Development tools and technologies involved
JDeveloper is a primary tool to build MAF applications using the Oracle MAF extension. Eclipse is another option to utilize by using the Oracle Enterprise Pack.
Java: Basic java to develop application business logic.
HTML5: Designs the pages that are viewed by application users and are supported across all the platforms. It is capable to deliver rich contents like graphics, music, animations without any additional plugins.
CSS3: The most recent version of CSS is used to describe the look, feel and the format adjustments for applications. It also helps in loading the applications faster on the browsers.
Mobile Application Framework Runtime Architecture
We will now discuss a little bit about the MAF architecture. MAF follows a model-view-controller approach that separates the presentation layer from the business logic. Take a look at the image below:
(Image Source: Oracle Mobile Application Framework Developer's Guide)

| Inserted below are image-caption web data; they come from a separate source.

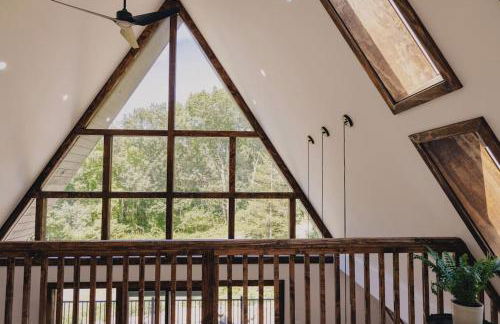 Emberwood Lodge - Luxury Cabin, Kid Friendly - Foto 16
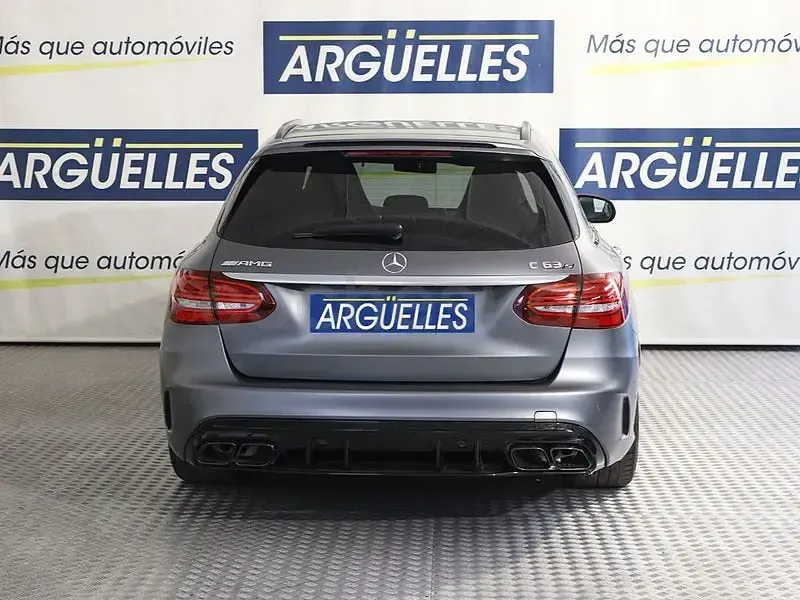 Usado Mercedes C63S AMG 510 CV (375 kW) 2019 Gris / plata Familiar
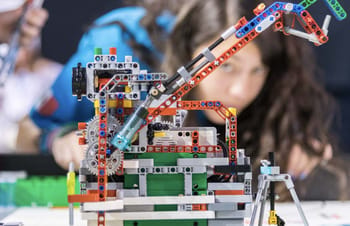 Robot construit en LEGO pour compétition de robotique arabe.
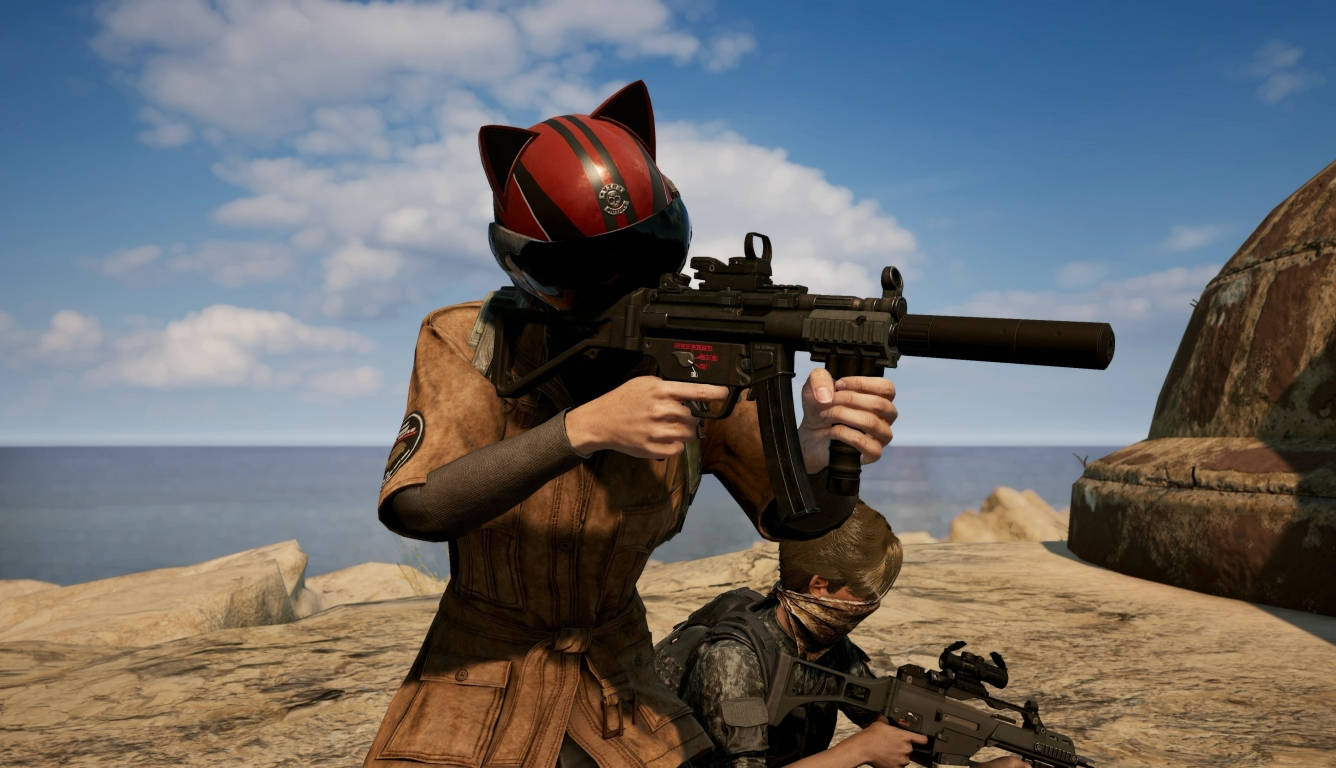 PUBG 桌布 壁紙 — 一名戴著紅色貓耳頭盔的士兵在晴朗藍天下，從岩石懸崖上俯瞰海洋，瞄準步槍。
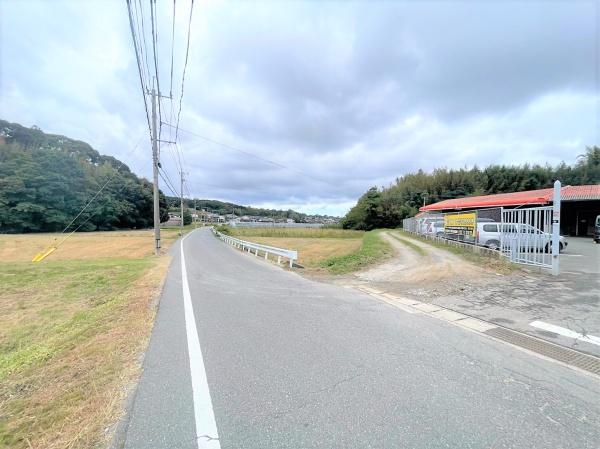 糸島市有田字小松原土地の前面道路含む現地写真画像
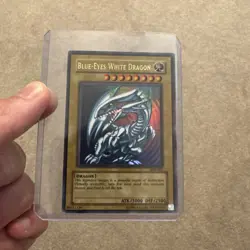 Blue-Eyes White Dragon Ultra Rare SDK-001 Lightly Played - Image 4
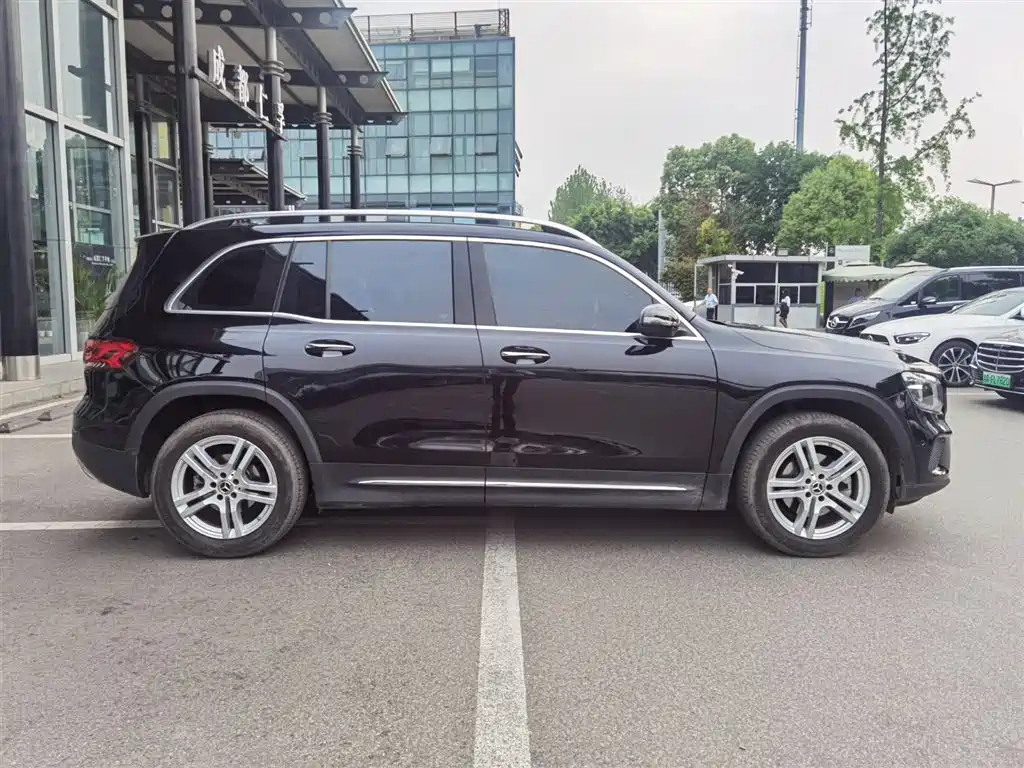 MERCEDES BENZ GLB 2021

The device native container allows the MAF application to function as a native application across the devices, an encrypted SQLite database enables applications to keep working offline. Once it is connected to the main source, the updated data is transferred. Apache Cordova has access to the device features e.g. GPS function, camera, e-mail etc. Cordova is a Java script API and functions like a bridge connecting device's native features with the mobile application.
Web View uses a mobile device's web engine to display and process web-based content. A developer can use any content type enlisted under a web view in the diagram to develop a user interface. MAF is comprised of one or more independent acting applications which is called as application features.
Java JVM is based on the Java ME Connected Device Configuration (CDC) and provides java run time environment for the mobile application.
Mobile Application Framework Features and MAF Leverage Building Blocks
A MAF application is comprised of one or more embedded applications known as Application Features and each of these application features governs a specific task. The features can be developed separately by different members of the development unit to be assembled together once the development is complete. The MAF application itself can be re used as the base for another application.
MAF application can be deployed in different development phases by appointing the credential signing options (debug or release). Developers can deploy application on mobile devices or simulator for testing, debugging and packaging it for production for the end users. The application can also be published using the Google Play or Apple App Store.
MAF applications are designed to serve as a highly secured feature which includes selecting a login server or any web page secured by the HTTP authentication devise and using the session management.
The SQLite database secures data that is stored locally in the device by encrypting the database and locking it by user name and password so the date can be protected in case of device theft or loss.
Developing a mobile application is a complex challenge due to the different OS platforms used in the mobile devices. Using a MAF hybrid approach and its ability to work across platforms enables developers to reuse the same code and business logics for the mobile devices. It further allows the OAF and ADF developers to use their existing knowledge of JAVA, JDeveloper and XML among others.